-- Available data follows --

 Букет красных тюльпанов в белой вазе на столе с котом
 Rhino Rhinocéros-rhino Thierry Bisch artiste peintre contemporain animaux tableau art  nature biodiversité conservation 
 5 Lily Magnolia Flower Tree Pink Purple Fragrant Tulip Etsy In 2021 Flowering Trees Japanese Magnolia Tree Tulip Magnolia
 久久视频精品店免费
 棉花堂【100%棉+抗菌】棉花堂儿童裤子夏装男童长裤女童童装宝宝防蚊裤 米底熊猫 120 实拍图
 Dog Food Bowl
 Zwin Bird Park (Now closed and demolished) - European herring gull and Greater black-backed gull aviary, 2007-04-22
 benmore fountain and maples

-- Available data concluded --
-- Available data follows --

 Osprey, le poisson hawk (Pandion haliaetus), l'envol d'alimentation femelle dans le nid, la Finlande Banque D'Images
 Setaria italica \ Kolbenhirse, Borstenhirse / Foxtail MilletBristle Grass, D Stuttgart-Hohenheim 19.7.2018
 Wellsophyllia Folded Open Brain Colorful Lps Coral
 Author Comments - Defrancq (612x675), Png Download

-- Available data concluded --

Exercise: Copy, exactly and only, the lines above that begin with the one containing "Букет красных тюльпанов" and finish with the one containing "benmore fountain and maples".

Completed exercise:
 Букет красных тюльпанов в белой вазе на столе с котом
 Rhino Rhinocéros-rhino Thierry Bisch artiste peintre contemporain animaux tableau art  nature biodiversité conservation 
 5 Lily Magnolia Flower Tree Pink Purple Fragrant Tulip Etsy In 2021 Flowering Trees Japanese Magnolia Tree Tulip Magnolia
 久久视频精品店免费
 棉花堂【100%棉+抗菌】棉花堂儿童裤子夏装男童长裤女童童装宝宝防蚊裤 米底熊猫 120 实拍图
 Dog Food Bowl
 Zwin Bird Park (Now closed and demolished) - European herring gull and Greater black-backed gull aviary, 2007-04-22
 benmore fountain and maples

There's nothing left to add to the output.